Roasted red bell pepper spread
recipe and photographs by Veronica Yudkevich
My oldest daughter is a big lover of peppers, so I started making this spread especially for her. It was quite a success from the start, but lately has become even better with the addition of the smoked paprika that adds a hint of a smoky-fiery flavor.
smoky Roasted red bell pepper Dip
Ingredients (makes about 1 ½ cup):
6 red bell peppers
1-2 garlic cloves, coarsely chopped
1 tsp dry thyme (wild thyme if available) or 5 sprigs of fresh thyme
¼ cup olive oil (divided)
1-2 Tbsp white wine vinegar
¼ tsp smoked paprika (optional, but recommended)
Preheat the oven to 200°C. Line a baking tray with parchment paper; lightly drizzle bell peppers with 1 Tbsp of olive oil and toss to coat. Bake for about 45 minutes until the peppers are a little burned and soft.
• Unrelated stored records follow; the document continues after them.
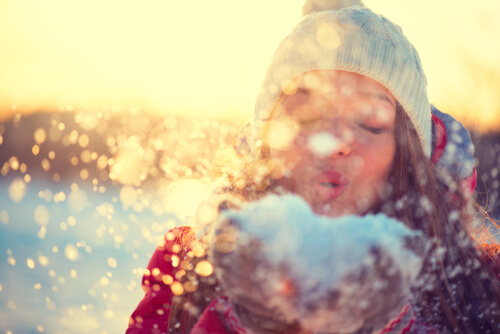 Mujer soplando nieve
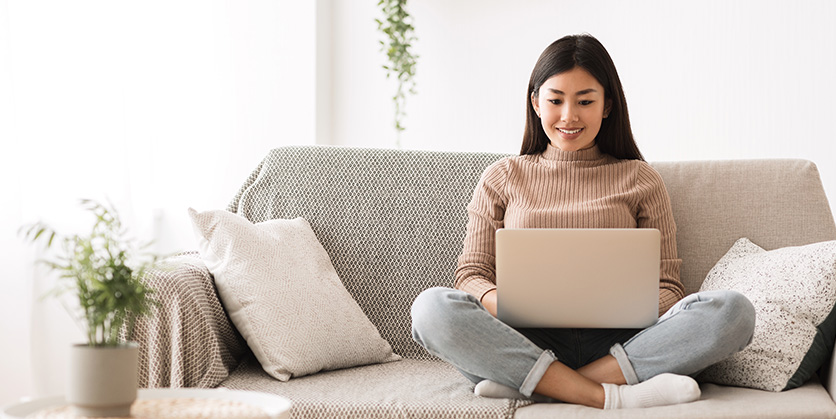 Woman sitting on couch and looking at laptop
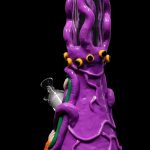 Purple glass water pipe shaped like an octopus with multiple eyes, against a black background.
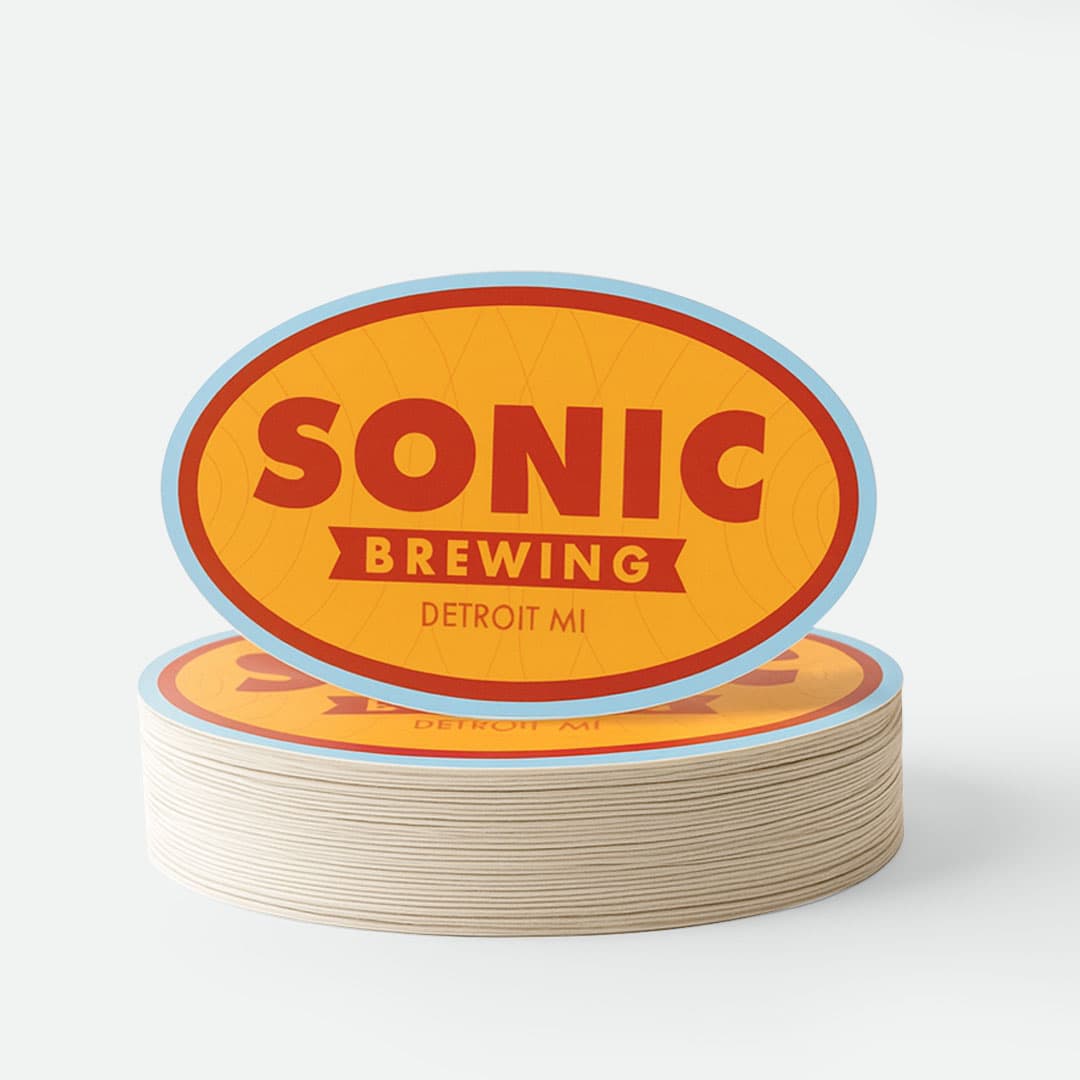 Stack of custom oval die cut stickers with a brewery logo showing vibrant full color printing and clean precision cuts.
Transfer into a bowl, cover tightly with a plastic bag and leave to sweat for about 20 minutes; this will make the peeling so much easier. Peel the peppers and discard the seeds. Transfer to a colander and leave for another 20 minutes to drain excess fluids.
In a food processor pulse the drained peppers with garlic and thyme for 1-2 min until finely chopped. Add the rest of the ingredients and pulse to reach the desired consistency. Adjust seasoning and oil/vinegar to your taste.